> [Exercise goal] Starting at the line below holding "Латексные воздушные шары" and stopping at the line holding "14 Karat Diamond Gold Initial Pendants", print every line exactly, both ends included, and leave the rest out.

> [Given data]
^^^^

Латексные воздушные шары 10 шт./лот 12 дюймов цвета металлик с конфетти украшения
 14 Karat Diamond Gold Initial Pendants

^^^^

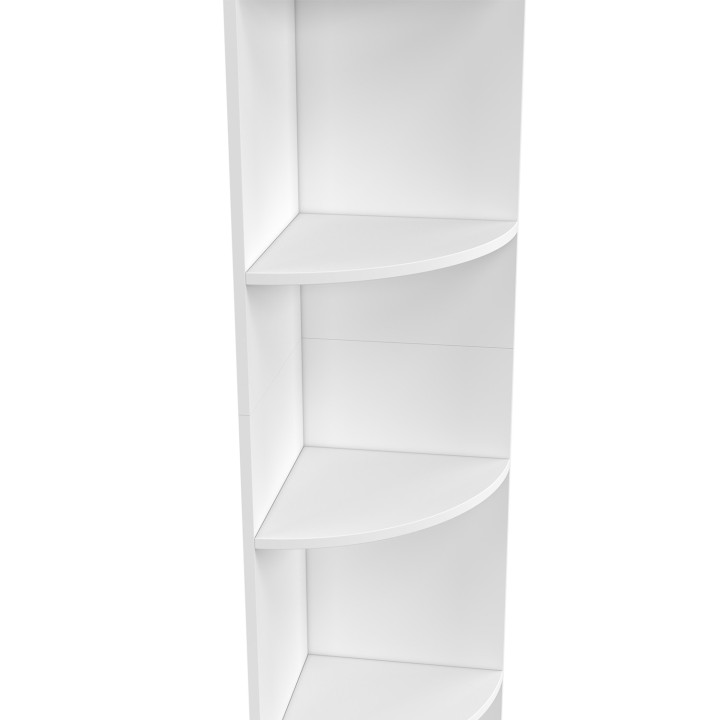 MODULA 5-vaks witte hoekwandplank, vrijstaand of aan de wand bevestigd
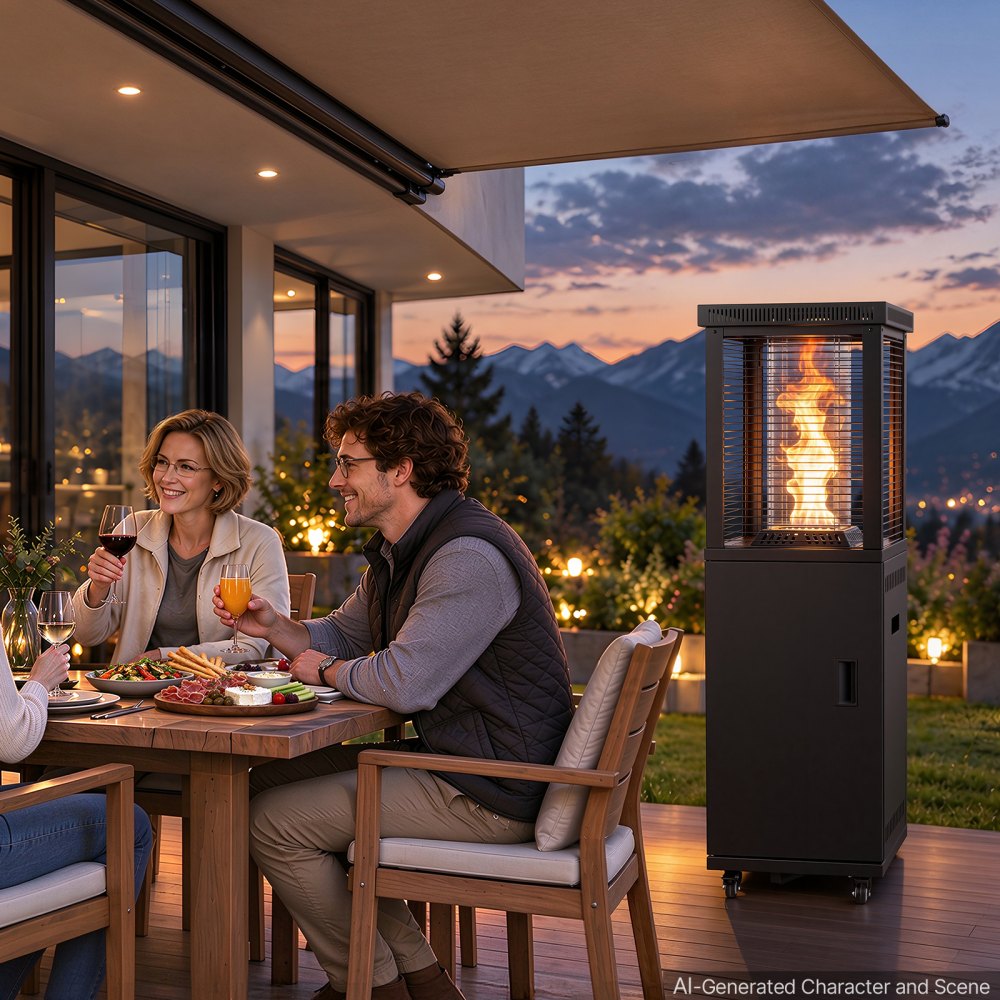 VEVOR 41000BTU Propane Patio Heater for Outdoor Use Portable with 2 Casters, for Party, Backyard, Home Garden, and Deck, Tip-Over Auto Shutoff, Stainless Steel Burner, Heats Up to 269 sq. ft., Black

^^^^

> [Solution]
Латексные воздушные шары 10 шт./лот 12 дюймов цвета металлик с конфетти украшения
 14 Karat Diamond Gold Initial Pendants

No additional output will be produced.